Three years after its launched, in stepped the money men – in the form of AOL – with a whopping bid of $850 million. AOL management then set about ruining the brand, says industry folklore, but truth be told, it was the unstoppable Facebook which stuck the knife into the back of sites like Bebo and MySpace.
Facebook gave the punters what they wanted and understood, right from the outset, that the first one up the hill would remain supreme. It was a numbers gain, plain and simple.
AOL has frustrated Wall Street and its investors with its seemingly poor strategic thinking which led to some off the wall purchases in the noughties. Two years after buying Bebo, it off-loaded it to Criterion Capital for just $10 million. They didn’t have much luck either, declaring it bankrupt last week. The remains of the dead were offered to the market in an auction and low and behold, the former founders picked it for £1 million.
Given that a relaunched MySpace and a number of former high-fliers are having trouble regaining their former glory, what is the likely future for Bebo?

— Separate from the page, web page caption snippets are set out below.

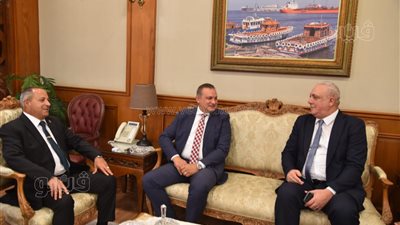 محافظ بورسعيد يناقش مع صندوق التنمية الحضارية سبل التعاون المشترك (صور)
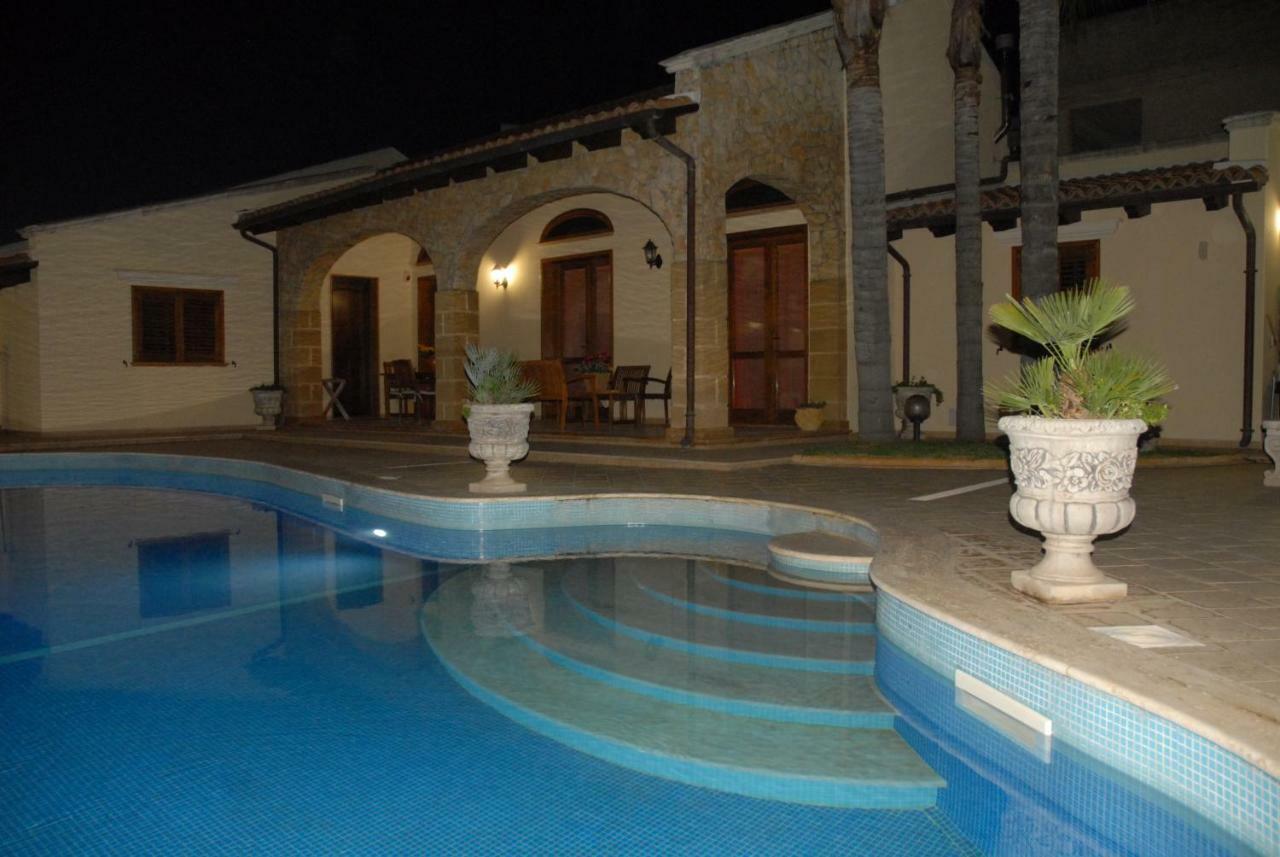 Suite Margarita Mazara del Vallo Exterior foto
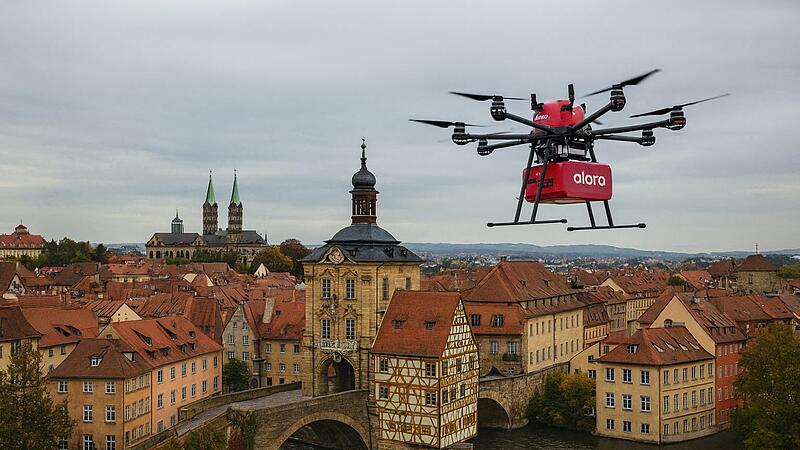 K&ouml;nnte schon bald Realit&auml;t werden: Das Bamberger Unternehmen &bdquo;Alora&ldquo; plant einen Lieferdienst mit Drohnen.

If it plays to the niches, trying to catch the Facebook users who have fallen by the way, disillusioned by the open drive for ad revenues, then Bebo, like the others, has a chance. Facebook will remain king of the mountain for some time yet, but eventually many of its more trendy users will need to jump ship and join what Facebook was when it first started – a true social networking vehicle, and not an advertising platform.
Bebo has a future, if it can steer the difficult path ahead.